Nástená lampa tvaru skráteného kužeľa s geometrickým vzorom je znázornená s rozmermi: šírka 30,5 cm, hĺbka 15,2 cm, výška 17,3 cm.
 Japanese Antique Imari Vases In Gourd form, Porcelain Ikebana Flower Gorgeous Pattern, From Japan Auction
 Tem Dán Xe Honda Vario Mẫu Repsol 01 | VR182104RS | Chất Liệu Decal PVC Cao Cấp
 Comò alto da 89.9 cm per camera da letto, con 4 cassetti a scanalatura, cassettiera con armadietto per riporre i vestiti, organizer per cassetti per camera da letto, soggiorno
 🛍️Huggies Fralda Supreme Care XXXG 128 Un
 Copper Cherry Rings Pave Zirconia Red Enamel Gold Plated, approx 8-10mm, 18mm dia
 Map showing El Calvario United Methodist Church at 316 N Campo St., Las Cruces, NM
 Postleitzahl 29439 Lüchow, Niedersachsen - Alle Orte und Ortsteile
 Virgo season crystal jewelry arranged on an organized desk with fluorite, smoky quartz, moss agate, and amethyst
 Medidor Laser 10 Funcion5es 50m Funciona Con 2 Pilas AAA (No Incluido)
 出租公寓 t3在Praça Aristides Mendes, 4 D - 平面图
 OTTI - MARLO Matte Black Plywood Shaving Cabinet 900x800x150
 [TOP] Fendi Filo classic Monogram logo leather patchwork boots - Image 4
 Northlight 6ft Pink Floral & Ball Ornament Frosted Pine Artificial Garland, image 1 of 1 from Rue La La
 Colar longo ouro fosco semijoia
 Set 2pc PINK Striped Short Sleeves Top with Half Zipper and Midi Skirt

[REQUIRED WORK] This task calls for the material above to be duplicated verbatim.

[RESULT FOR THIS EXERCISE]
Nástená lampa tvaru skráteného kužeľa s geometrickým vzorom je znázornená s rozmermi: šírka 30,5 cm, hĺbka 15,2 cm, výška 17,3 cm.
 Japanese Antique Imari Vases In Gourd form, Porcelain Ikebana Flower Gorgeous Pattern, From Japan Auction
 Tem Dán Xe Honda Vario Mẫu Repsol 01 | VR182104RS | Chất Liệu Decal PVC Cao Cấp
 Comò alto da 89.9 cm per camera da letto, con 4 cassetti a scanalatura, cassettiera con armadietto per riporre i vestiti, organizer per cassetti per camera da letto, soggiorno
 🛍️Huggies Fralda Supreme Care XXXG 128 Un
 Copper Cherry Rings Pave Zirconia Red Enamel Gold Plated, approx 8-10mm, 18mm dia
 Map showing El Calvario United Methodist Church at 316 N Campo St., Las Cruces, NM
 Postleitzahl 29439 Lüchow, Niedersachsen - Alle Orte und Ortsteile
 Virgo season crystal jewelry arranged on an organized desk with fluorite, smoky quartz, moss agate, and amethyst
 Medidor Laser 10 Funcion5es 50m Funciona Con 2 Pilas AAA (No Incluido)
 出租公寓 t3在Praça Aristides Mendes, 4 D - 平面图
 OTTI - MARLO Matte Black Plywood Shaving Cabinet 900x800x150
 [TOP] Fendi Filo classic Monogram logo leather patchwork boots - Image 4
 Northlight 6ft Pink Floral & Ball Ornament Frosted Pine Artificial Garland, image 1 of 1 from Rue La La
 Colar longo ouro fosco semijoia
 Set 2pc PINK Striped Short Sleeves Top with Half Zipper and Midi Skirt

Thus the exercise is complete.